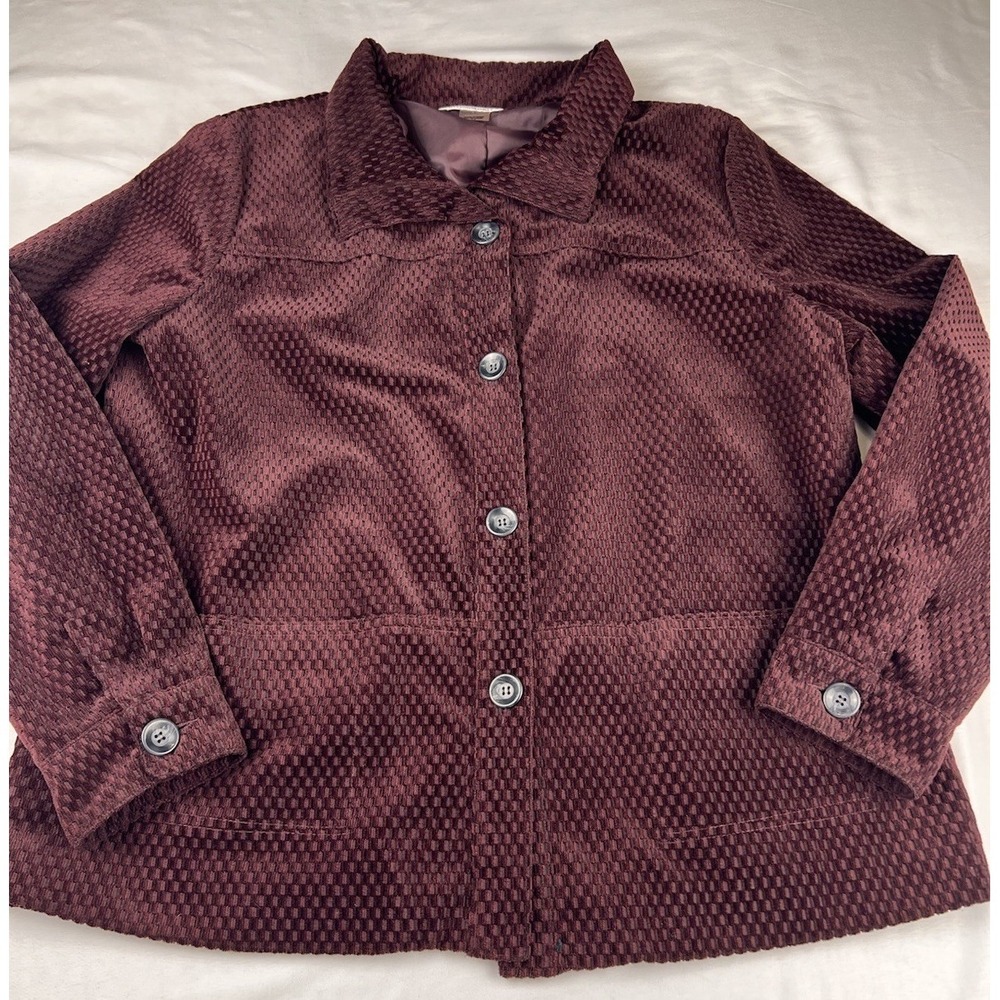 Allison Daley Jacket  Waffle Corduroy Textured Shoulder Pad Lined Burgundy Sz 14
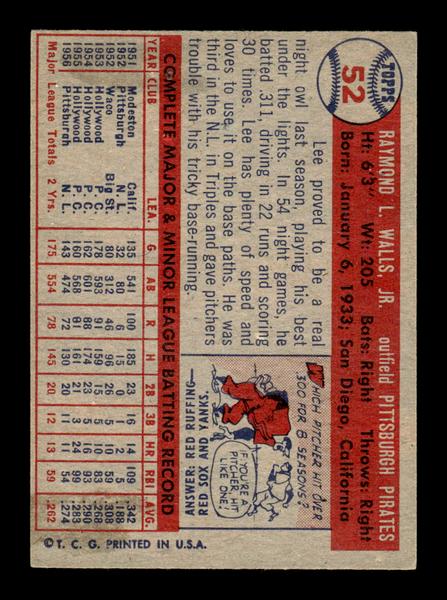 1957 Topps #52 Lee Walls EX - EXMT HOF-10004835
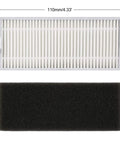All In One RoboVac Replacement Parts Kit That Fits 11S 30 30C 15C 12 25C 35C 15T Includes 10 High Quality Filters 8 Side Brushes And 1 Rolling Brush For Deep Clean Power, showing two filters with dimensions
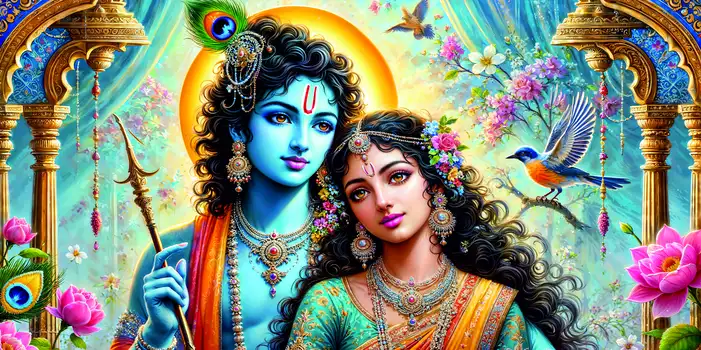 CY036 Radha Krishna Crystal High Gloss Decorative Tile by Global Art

# # # # #

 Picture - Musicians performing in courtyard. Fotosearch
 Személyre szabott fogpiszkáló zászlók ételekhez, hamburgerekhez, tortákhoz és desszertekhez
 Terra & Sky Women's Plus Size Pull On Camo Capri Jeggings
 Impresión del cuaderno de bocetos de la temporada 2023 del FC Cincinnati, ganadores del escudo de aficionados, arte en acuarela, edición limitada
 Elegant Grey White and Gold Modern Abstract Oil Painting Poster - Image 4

# # # # #

What to do = Look above for the line containing "1957 Topps #52", then copy exactly from it through the line containing "CY036 Radha Krishna", keeping both and leaving out pictures. Add nothing else.

Result of the task =
 1957 Topps #52 Lee Walls EX - EXMT HOF-10004835
All In One RoboVac Replacement Parts Kit That Fits 11S 30 30C 15C 12 25C 35C 15T Includes 10 High Quality Filters 8 Side Brushes And 1 Rolling Brush For Deep Clean Power, showing two filters with dimensions
 CY036 Radha Krishna Crystal High Gloss Decorative Tile by Global Art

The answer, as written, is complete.